While the US government has allowed Nvidia to produce a scaled-down H20 chip for the Chinese market, Huang said the company continues to face barriers. Chinese regulators have reportedly launched a security probe into the H20, while local firms have been instructed to avoid the product.

The restrictions have accelerated China’s push for semiconductor self-sufficiency, boosting domestic rivals such as Huawei Technologies. Huawei has made rapid progress in AI chip development, employing advanced manufacturing techniques and alternative processing methods to fill the void left by Nvidia’s exit.

Industry analysts warn that Nvidia’s exclusion could reshape the global AI ecosystem, as China’s state-backed innovation efforts gain momentum. “It’s a mistake not to have those researchers build AI on American technology,” Huang cautioned, arguing that isolation undermines US leadership in artificial intelligence.
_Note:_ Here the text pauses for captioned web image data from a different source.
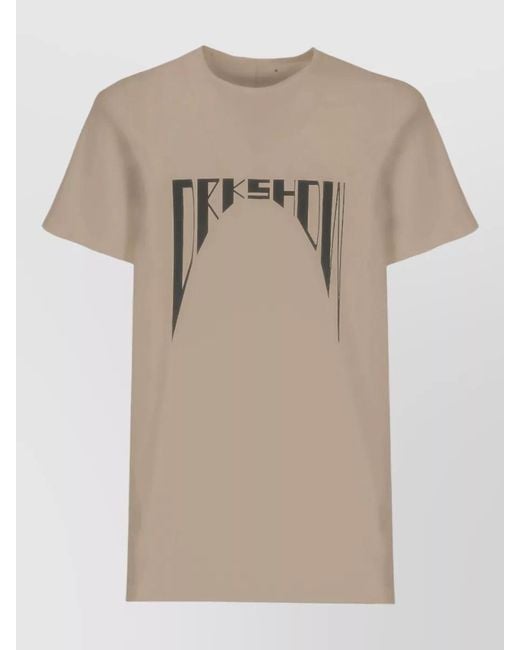 Rick Owens Natural Cotton T Shirt Round Neck Short Sleeves for men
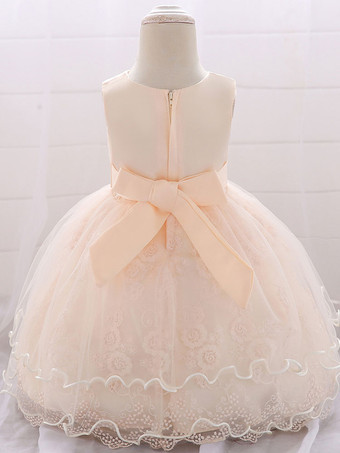 白いフラワーガールドレス 特別な日のドレス ピンクのレース ノースリーブ ジュエルネック フラワーガールドレス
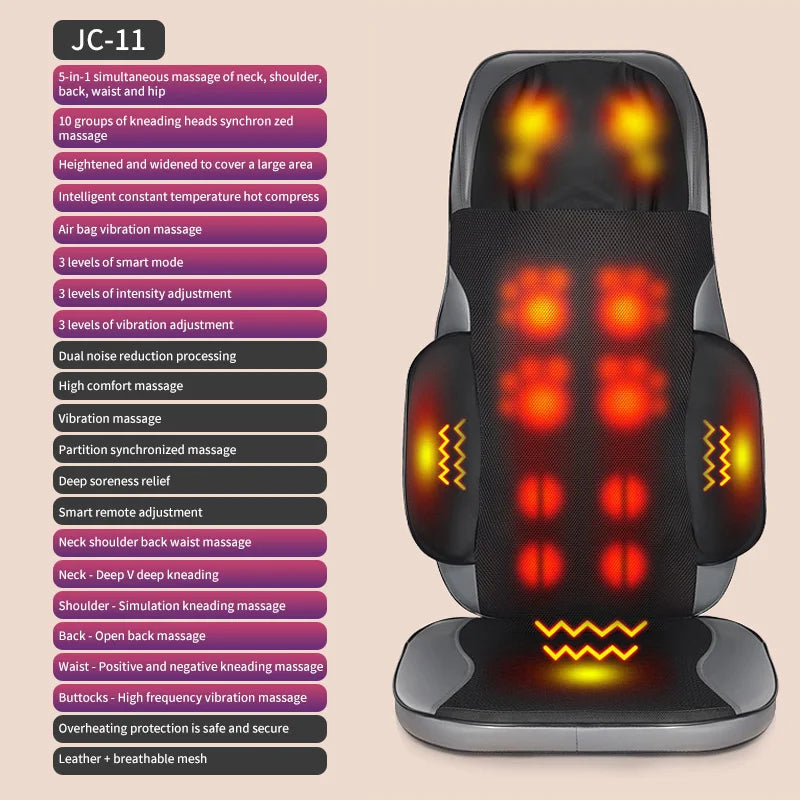 JinKaiRui Vibrating Electric Cervical Neck Back Body Cushion Massage Chair Kneading Heating Muscle Stimulator Device Health Care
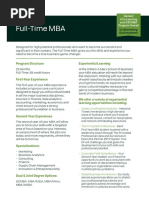 Full-Time MBA: Experiential Learning Program Structure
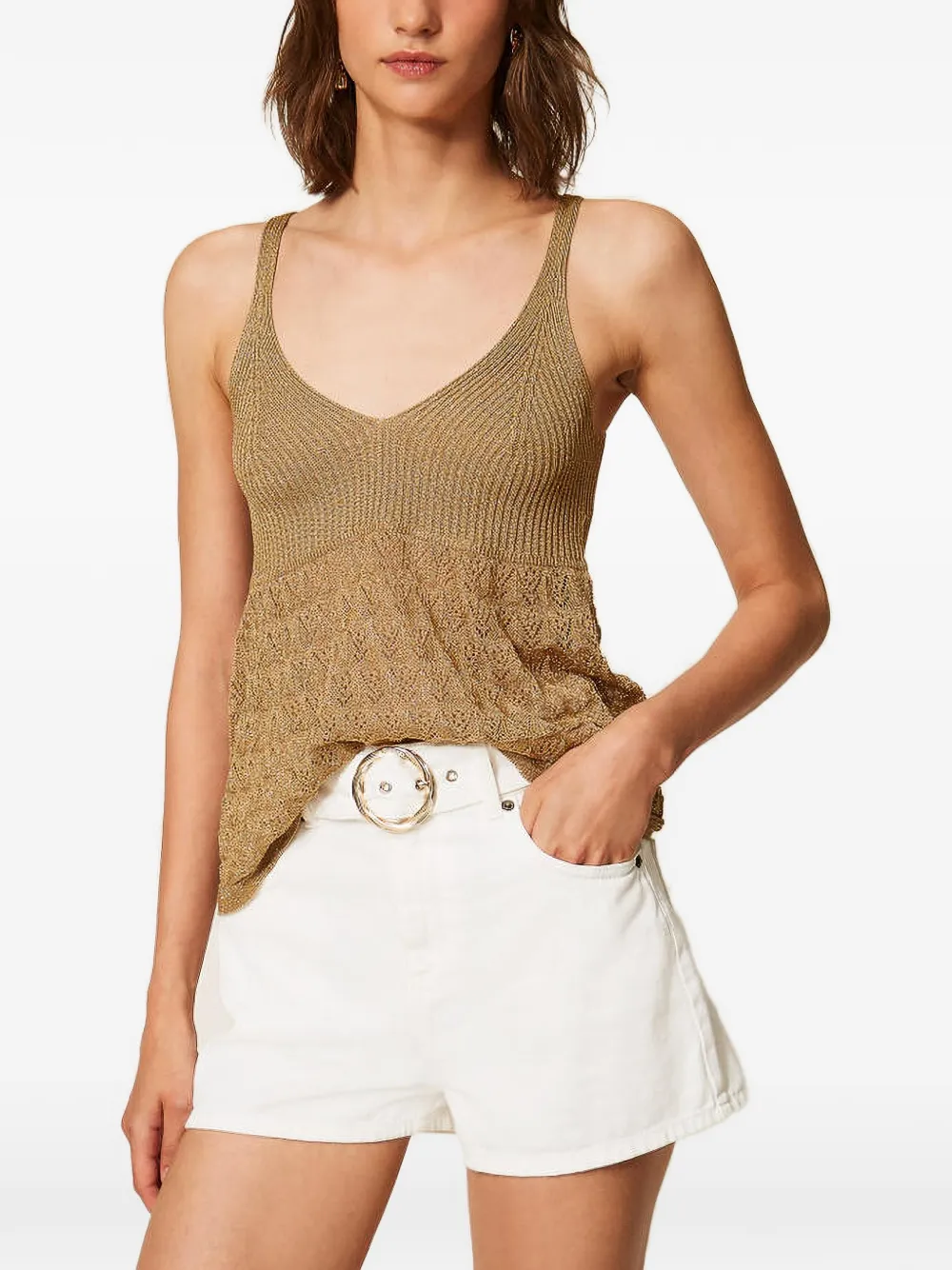 TWINSET Shorts met ceintuur Wit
Recent reports also indicate that China’s Cyberspace Administration has banned tech companies, including Alibaba and ByteDance, from buying or testing Nvidia’s locally adapted RTX Pro 6000D servers, further eroding Nvidia’s position.

As the global AI chip race intensifies, Huang’s remarks underline a growing rift between technological innovation and geopolitical strategy, with both China and the US seeking to dominate the next era of artificial intelligence.